Warum waren Überzeugung und Engagement der „Ökos“ damals verbreitet?
Weil die Aburteilung härter war, musste die Begeisterung intensiver sein. Ein kritischer Teil der Gesellschaft behauptete damals: Ökolandbau funktioniert nicht. Entweder gehe man damit pleite oder man betrüge. Mit diesen Vorwürfen wurden auch die Eltern der „Ökos“ in den Dörfern konfrontiert. Da entweder Scheitern oder Betrug unterstellt wurden, waren wir massiven Angriffen ausgesetzt. Um diesen entgegenzutreten, musste man Bio aus Überzeugung machen. Darüber hinaus gab es keine Beratung, was bedeutete, dass die Unsicherheit sehr groß war und wir alles selbst ausprobieren mussten. Wie entsteht Humus? Welche Zwischenfrüchte bringen wie viel Stickstoff? Über Jahre galt es, ein stabiles System zu erarbeiten und dabei Misserfolge in Kauf zu nehmen. Auch das machte man nur, wenn man überzeugt war. Mich interessierte damals auch Klimapolitik, regenerative Energieerzeugung und ökologisches Bauen. Öko war ein Lebensthema.

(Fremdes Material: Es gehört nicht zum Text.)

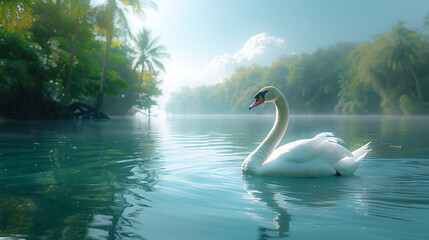 a swan in calm water with a tropical background
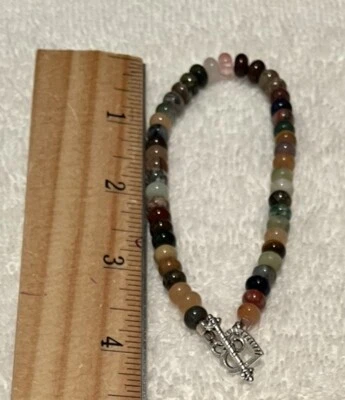 Multi Gemstone Rondelle bracelet w/Silvertone cube beads & Toggle Handmade NEW - Image 1 of 2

Aber die ältere Generation geht allmählich in Rente, und für die Jüngeren ist Ökolandwirtschaft eine Selbstverständlichkeit.

Ein kritischer Teil der Gesellschaft behauptete damals: Ökolandbau funktioniert nicht.

Ist Haltung damit verloren gegangen?
Manche rechnen heute einfach – und entscheiden sich für das wirtschaftlich Sinnvollste. Auch wir waren an diesem Punkt nicht nur Idealisten, die Finanzen mussten schon stimmen. Aber sie hatten keinen Selbstzweck. Früher gab es oftmals auch gar keine Preisverhandlungen. Wir mussten unser Getreide nicht anpreisen, sondern verteilen. Und es wurde nicht gefragt: „Wie viel kostet es?“, sondern „Wie viel brauchst du?“. Es war eine wunderbare Zeit. Aber wie es so schön heißt: Jedem Anfang wohnt ein Zauber inne…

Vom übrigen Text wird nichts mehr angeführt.